Dengan berbagai pertimbangan, Riyadh mengeliminasi satu per satu lagu romantis dari playlist Mari-Melamar-Alaska-nya: Marry You sudah terlalu sering diputar; Marry Your Daughter tidak relevan karena mereka tidak memboyong serta ayah Alaska ke Prancis; dan, dia sebenarnya belum mengunduh lagu Marry Me. Savage Garden pun terpilih, entah kenapa.

"Kenapa bukan lagumu sendiri?" tanya Ivory, gadis yang sudah berteman dengan Alaska sejak keduanya belum bisa berdiri. "Kau idola dunia dengan album yang laku puluhan juta copy dan menyabet banyak penghargaan musik, Brighton.

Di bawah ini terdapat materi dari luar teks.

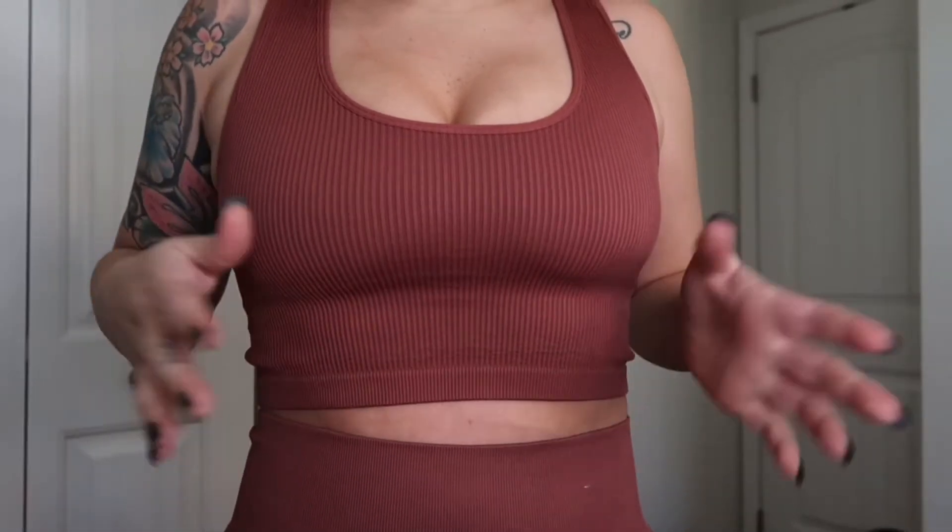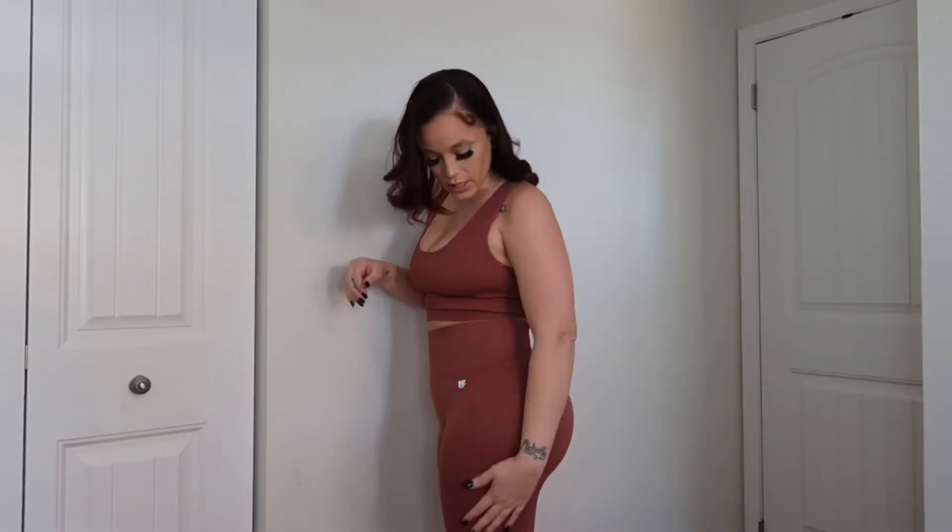This next set is from Forever 21 — it's a workout set. I love a good two-piece workout set. I can wear this out with a cardigan or pullover over it. I do get warm easily, so something like this works great. I also kind of want to start working out just to tone up, and it's always motivating to have a cute workout set. I got this in a medium. It has like a ribbed texture at the top, and the bottoms have the same ribbed texture on the side.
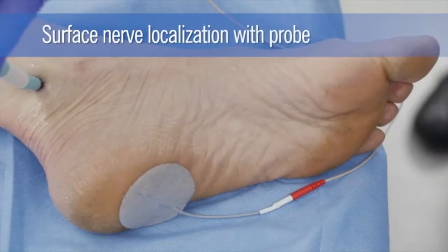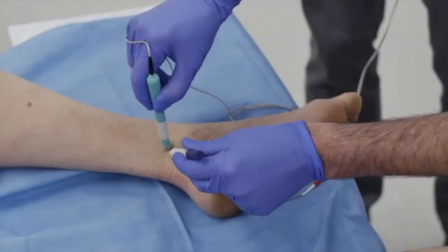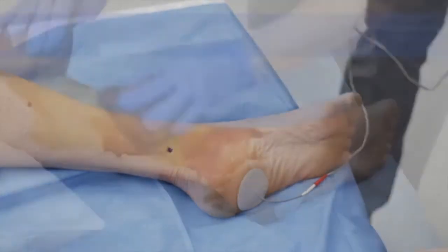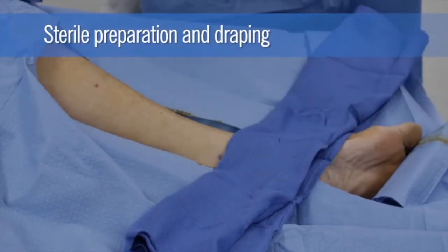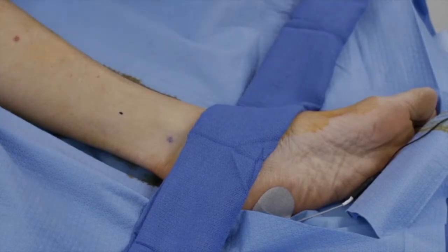Next, an external probe is used to elicit twitching of the flexor digitorum brevis muscle as seen here. The site on the skin that elicits a strong motor response with the probe is then marked. The lower leg is then prepped with betadine solution and draped in a sterile fashion. A second mark is then made 5 cm proximal to the neurosensory marking.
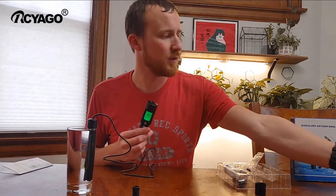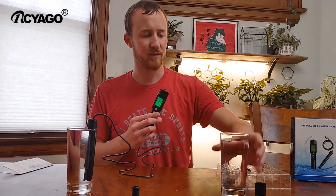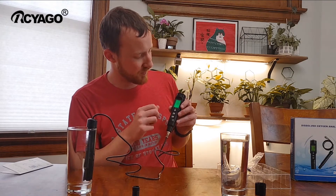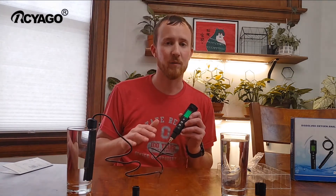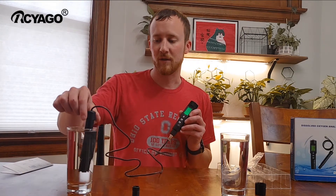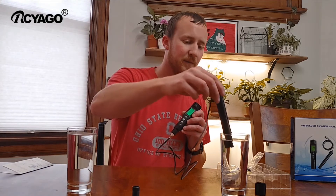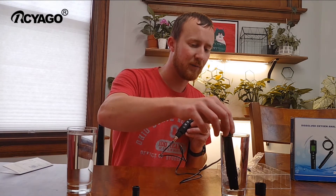Over here I have boiled water, so we'll measure that in a second. It's going down from 83.9% or 7.9 milligrams per liter, and I have not calibrated this at all, so I'm going to switch that over just so we can see it working right out of the package without calibration.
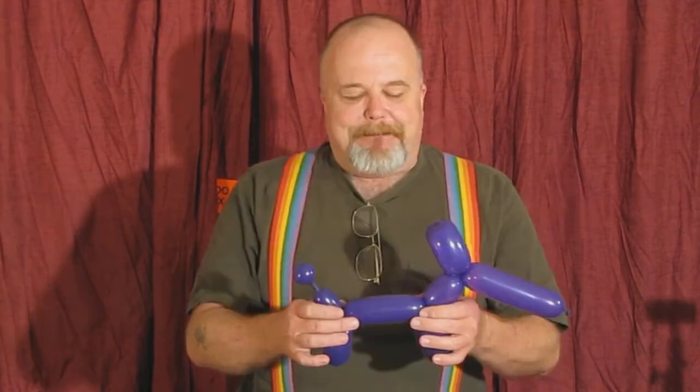This is your Poodle Dog Balloon, standard issue. This is Balloon Making 101, the first thing you're going to need to learn here. Now when you give a kiddo a balloon, you want to help bring it to life. That adds a lot more fun to it and it's a lot more creative.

Alaska mencintai lagu-lagumu. Kenapa memercayakan iring-iringan lamaran pada pria yang gagal menikah empat kali?"

"Tiga." Riyadh membela diri. "Yang terakhir itu, Latvia menolakku sebelum kulamar. Pada dasarnya, aku baru gagal kawin tiga kali. Lagipula, kebanyakan lagu Brighton itu aku yang menulis! Andai Brighton memberiku waktu, kami bisa menulis lagu baru untuk lamaran ini!"

Ivory melambaikan tangannya, menepis perkataan Riyadh. "Intinya," ujar gadis itu lagi seraya menyerahkan serangkaian bunga mawar kepada Brighton. "Percayalah pada dirimu sendiri. Apa pun pilihanmu, kami mendukungmu. Dan untuk Alaska, bagiku kaulah yang terbaik."

"Terima kasih, Ive," ucap Brighton tulus seraya mengagumi karangan bunga Ivory. Segala warna yang mungkin dimiliki sekuntum mawar ada di buket, dirangkai sedemikian manis dan berani. Lantaran seestetis itulah cinta bagi Ivory—dengan warna-warna menggoda, semerbak memabukkan meski berduri, dikemas apik untuk menutupi setiap sisi jelek dari permukaan.

"Bukannya aku tak percaya diri," tambah Brighton lirih. "Hanya saja dulu ... pertemuan pertamaku dengan Alaska di backstage ... saat itu rekaman laguku yang berjudul Don't Forget sedang dimainkan. Tidak mungkin aku memutar lagu yang itu."

Ivory mengangkat alisnya, bibir gadis itu berkedut seperti hendak tertawa pahit. Don't Forget adalah lagu patah hati yang dinyanyikan Brighton saat debut—mengenai seorang lelaki yang, saking cintanya, membiarkan kekasihnya bermesraan dengan bebas bersama banyak lelaki lain.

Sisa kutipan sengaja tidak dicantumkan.